Formados en Birmingham en 1978, los primeros UB40 adoptaron su nombre del formulario británico de ayuda al desempleo, el Unemployment Benefit Form 40. En ese gesto, aparentemente simple, se escondía su filosofía: ser la voz del pueblo trabajador. Su propuesta combinó reggae, ska, pop y soul, y con ello conquistaron audiencias que iban mucho más allá del circuito underground de Inglaterra.
Hoy, bajo el liderazgo de Robin Campbell, la banda continúa transmitiendo aquel espíritu comunitario y de resistencia, adaptándolo a una nueva generación que busca en la música algo más que entretenimiento: un sentido de pertenencia.
A lo largo del concierto, el público se entregó con fervor a cada nota. El momento de mayor comunión llegó con “Red Red Wine”, ese clásico de 1983 que transformó al grupo en un fenómeno global.

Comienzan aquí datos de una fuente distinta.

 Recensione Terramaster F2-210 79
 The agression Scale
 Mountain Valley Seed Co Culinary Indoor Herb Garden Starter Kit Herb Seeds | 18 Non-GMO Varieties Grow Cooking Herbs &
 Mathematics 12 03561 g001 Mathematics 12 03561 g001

Bastaron los primeros acordes para que todo el recinto se convirtiera en un coro unísono. Nadie se quedó quieto; incluso quienes grababan con sus teléfonos terminaron bajándolos para dejarse llevar por la emoción colectiva.

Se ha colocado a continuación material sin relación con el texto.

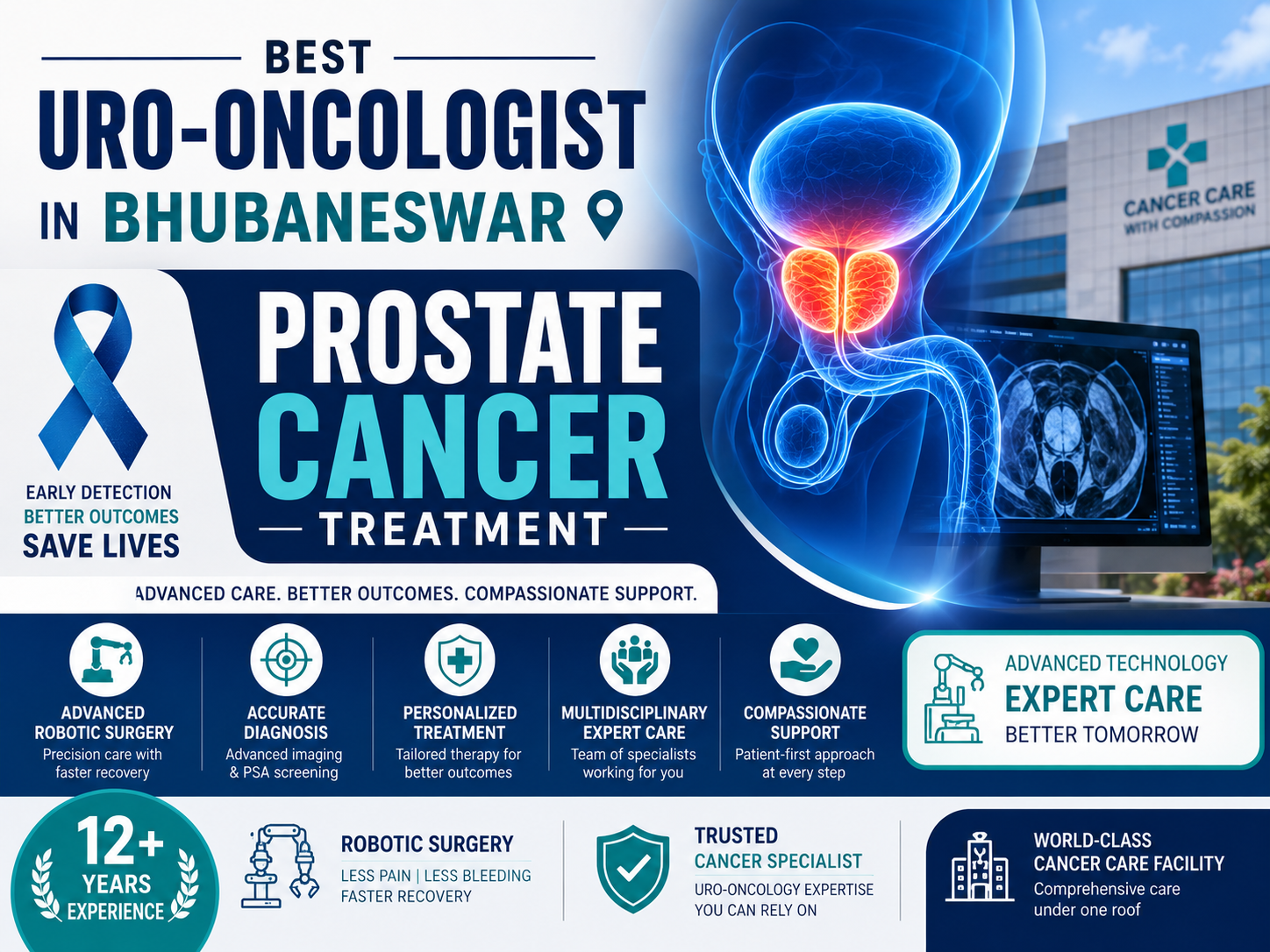 Best Uro-Oncologist in Bhubaneswar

El segundo gran punto de la noche llegó con “Can’t Help Falling in Love”, la reinterpretación reggae del inmortal tema de Elvis Presley. La versión, impregnada del característico pulso de UB40, se sintió cálida, romántica y profundamente humana, recordando que la banda siempre supo cómo entrelazar tradición y modernidad.

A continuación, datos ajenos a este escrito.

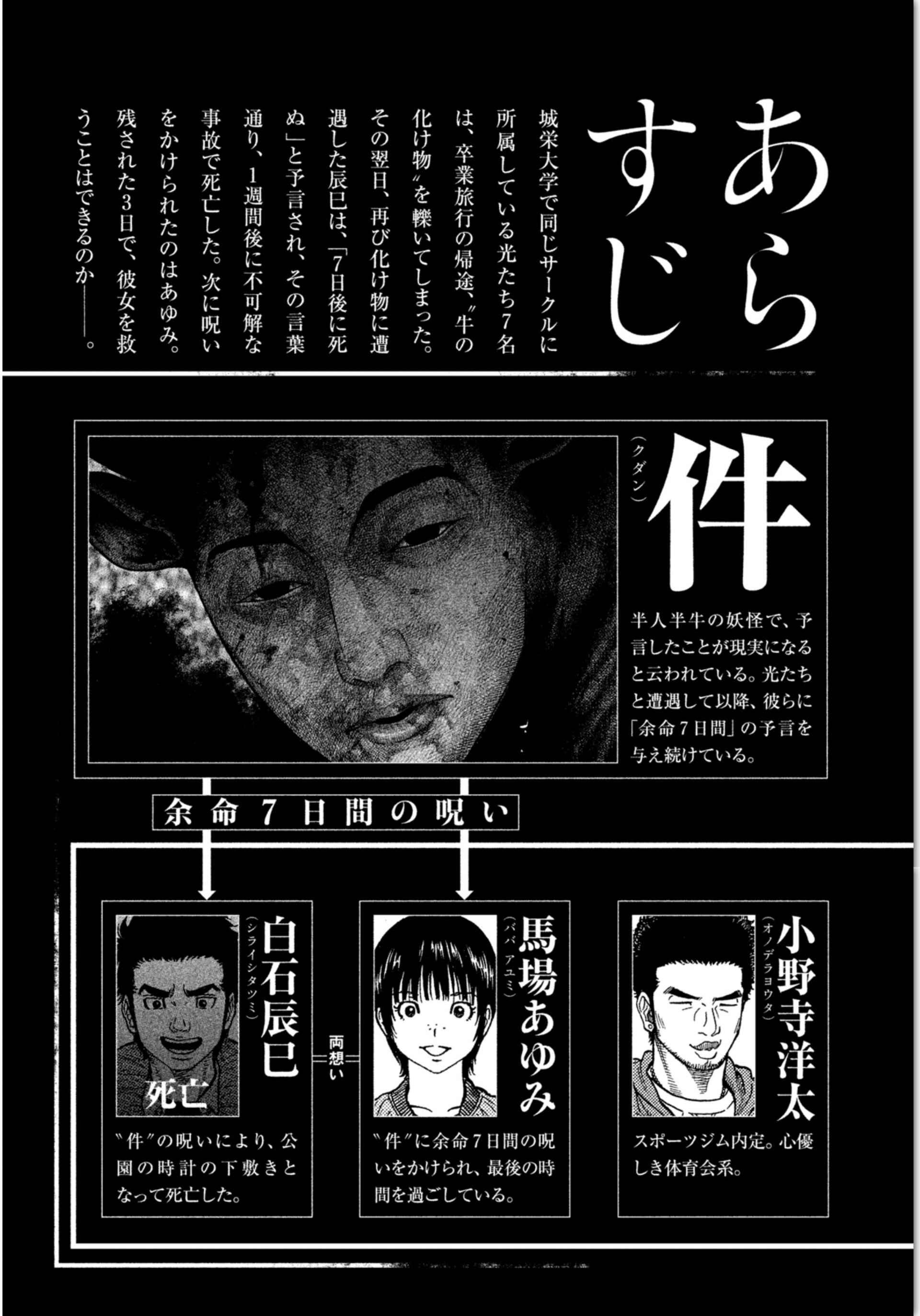 Page 5 Chapter 8 Like the Kudan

Robin Campbell, con su tono pausado y su carisma natural, agradeció al público mexicano por décadas de acompañamiento. “Han sido años intensos, de amistad, de cambios, pero seguimos aquí. Y estar en Guadalajara por primera vez es un regalo”, expresó ante una ovación que hizo temblar las butacas.
El cierre fue una celebración más emocional que espectacular. No hubo grandes efectos ni artificios, solo músicos entregados y un público agradecido. Cuando las luces se encendieron, quedó la sensación de haber asistido a un momento que, aunque modesto en número, fue inmenso en significado.
A 45 años de su nacimiento, UB40 no necesita demostrar nada. Su permanencia es su mejor carta de presentación. En Guadalajara, el grupo recordó que el reggae, cuando se interpreta con convicción, sigue siendo un refugio contra el olvido, una música que hermana generaciones y que resiste al paso del tiempo.
Pocas bandas pueden presumir haber cruzado cinco décadas manteniendo intacto su mensaje de paz, igualdad y esperanza. Esa noche, el Auditorio Telmex se convirtió en testigo de esa resiliencia: una reunión de almas unidas por el ritmo y la memoria, bajo el sello inconfundible de UB40.